C’est drôle, l’inspiration. Ça ressemble à un ciel orageux. T’es dans la rue, tu te dis que ça va finir par tomber et tu presses le pas pour rentrer t’abriter. En marchant, tu l’entends gronder, fulminer. Tu vois des nuages encore plus sombres au loin, chargés de cette pluie grise et chaude. L’atmosphère est lourde. Tes vêtements te collent à la peau, tu transpires et il n’y a pas de vent pour te rafraîchir. Tu tournes le coin de ta rue et tu sens les premières gouttelettes. Tu commences à te dire que ce n’est pas si dérangeant, tu trouves même que c’est assez agréable puis tu entends le ciel craquer. Un fil lumineux explose et fend l’horizon en deux. Après ce coup de feu la pluie s’épaissit, les gouttes frappent de plus en plus fort les toits de tôle comme si elles applaudissaient le ciel pour avoir brisé son silence. Tu avais vu l’éclair, tu l’entends désormais. Quand j’étais petit, on me disait toujours qu’il fallait multiplier le temps qui passait entre le tonnerre et son grondement par sept pour apprendre le nombre de kilomètres qui te séparait de lui. Je trouvais ça terrifiant. J’avais l’impression que chaque détonation me visait et je remerciais en silence la maladresse du tirailleur céleste de m’avoir épargné à nouveau.
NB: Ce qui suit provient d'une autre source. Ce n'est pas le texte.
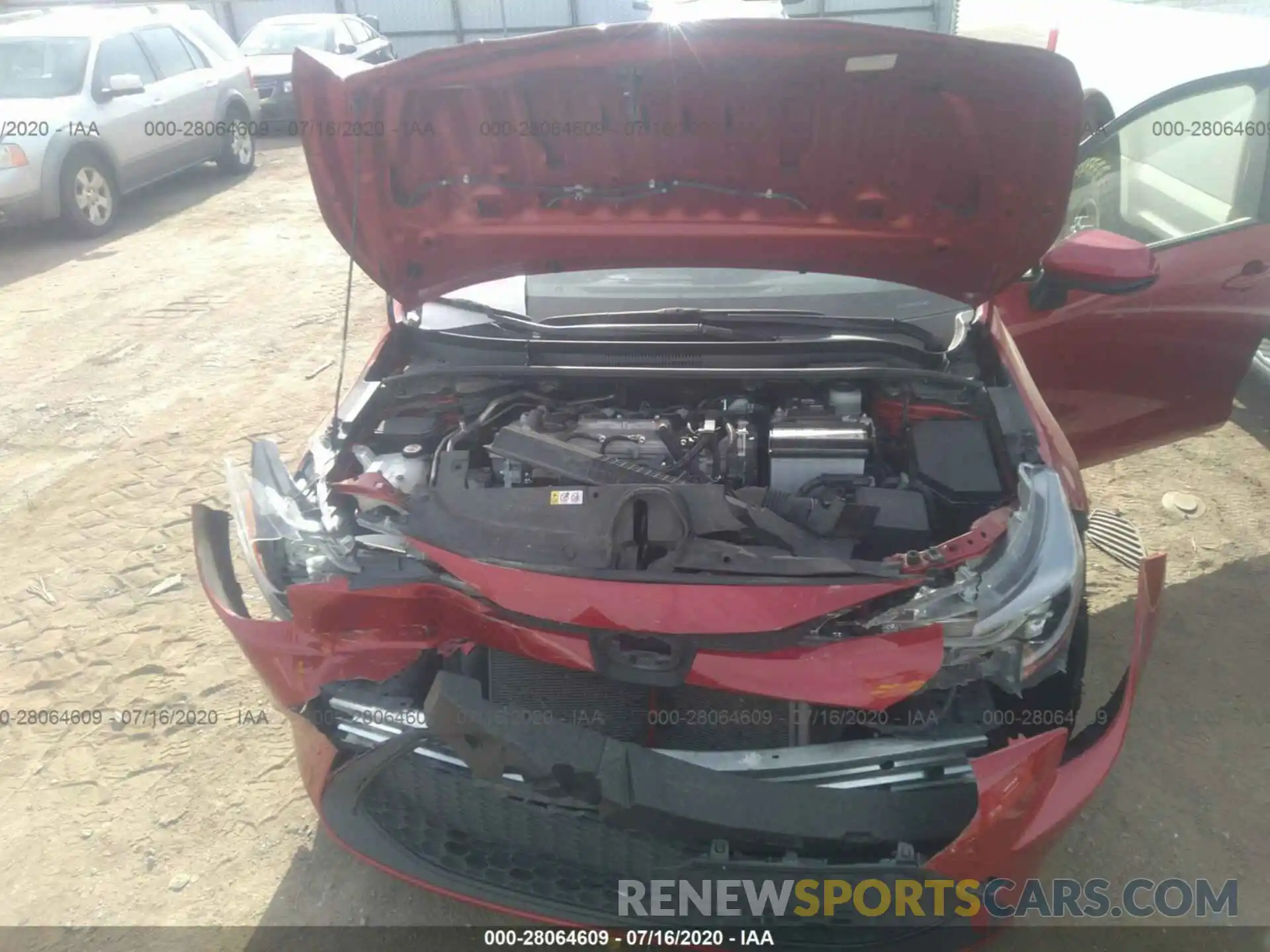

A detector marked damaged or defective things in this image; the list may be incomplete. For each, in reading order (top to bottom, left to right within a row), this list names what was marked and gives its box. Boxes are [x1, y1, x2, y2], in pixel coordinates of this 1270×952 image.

crumpled bumper [190, 502, 1169, 941]
broken headlight [868, 465, 1085, 693]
En grandissant, j’ai progressivement laissé de côté la peur pour mieux profiter de cette supériorité: celle d’un enfant qui regarde l’éclair s’abattre et qui se moque de ce qu’il ne l’a pas tué.

Cet éclair, mon frère, c’est l’inspiration qui me fouette et le chef-d’oeuvre, c’est le tonnerre le jour où il s’abattra sur l’enfant.
Le jour où le bruit et la lumière ne feront qu’un.

En attendant je rigole de mes textes qui ne frappent personne.